** Opening Records to use block **

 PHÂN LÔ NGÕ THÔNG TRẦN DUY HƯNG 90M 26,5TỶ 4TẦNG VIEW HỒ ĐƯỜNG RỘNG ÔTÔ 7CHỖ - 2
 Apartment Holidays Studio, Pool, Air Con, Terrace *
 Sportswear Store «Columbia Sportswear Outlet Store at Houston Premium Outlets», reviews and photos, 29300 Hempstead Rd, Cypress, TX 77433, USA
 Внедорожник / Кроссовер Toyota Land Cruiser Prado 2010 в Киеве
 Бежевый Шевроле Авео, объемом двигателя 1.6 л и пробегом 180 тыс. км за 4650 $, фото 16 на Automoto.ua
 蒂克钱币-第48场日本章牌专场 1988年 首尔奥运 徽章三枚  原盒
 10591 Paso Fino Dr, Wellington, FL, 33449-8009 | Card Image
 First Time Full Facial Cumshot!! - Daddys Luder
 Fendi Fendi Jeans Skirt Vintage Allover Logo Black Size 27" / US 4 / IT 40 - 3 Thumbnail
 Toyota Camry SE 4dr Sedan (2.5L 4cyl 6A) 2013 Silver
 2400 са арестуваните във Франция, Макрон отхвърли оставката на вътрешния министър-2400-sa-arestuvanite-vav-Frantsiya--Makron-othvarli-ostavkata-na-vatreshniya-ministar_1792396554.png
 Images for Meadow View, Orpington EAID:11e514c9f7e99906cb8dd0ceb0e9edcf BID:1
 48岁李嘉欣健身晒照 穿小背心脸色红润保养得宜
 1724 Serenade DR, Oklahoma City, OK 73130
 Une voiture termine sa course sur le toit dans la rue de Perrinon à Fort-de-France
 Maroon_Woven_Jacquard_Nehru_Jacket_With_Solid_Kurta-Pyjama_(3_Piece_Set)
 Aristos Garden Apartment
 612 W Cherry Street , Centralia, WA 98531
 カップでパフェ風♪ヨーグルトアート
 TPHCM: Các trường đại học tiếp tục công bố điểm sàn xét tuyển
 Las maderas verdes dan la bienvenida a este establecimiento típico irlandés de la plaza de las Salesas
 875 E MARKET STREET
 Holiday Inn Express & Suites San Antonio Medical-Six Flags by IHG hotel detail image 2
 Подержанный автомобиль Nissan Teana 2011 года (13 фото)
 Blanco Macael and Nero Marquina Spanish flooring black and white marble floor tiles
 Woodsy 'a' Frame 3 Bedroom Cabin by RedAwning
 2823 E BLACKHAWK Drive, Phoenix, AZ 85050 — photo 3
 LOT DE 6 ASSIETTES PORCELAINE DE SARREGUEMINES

** Closing Records to use block **

• **Activity**
Starting from the line containing "Подержанный автомобиль Nissan" and ending with the final line of the data, reproduce each line exactly as it appears, including no other lines.

• **Result of this task**
 Подержанный автомобиль Nissan Teana 2011 года (13 фото)
 Blanco Macael and Nero Marquina Spanish flooring black and white marble floor tiles
 Woodsy 'a' Frame 3 Bedroom Cabin by RedAwning
 2823 E BLACKHAWK Drive, Phoenix, AZ 85050 — photo 3
 LOT DE 6 ASSIETTES PORCELAINE DE SARREGUEMINES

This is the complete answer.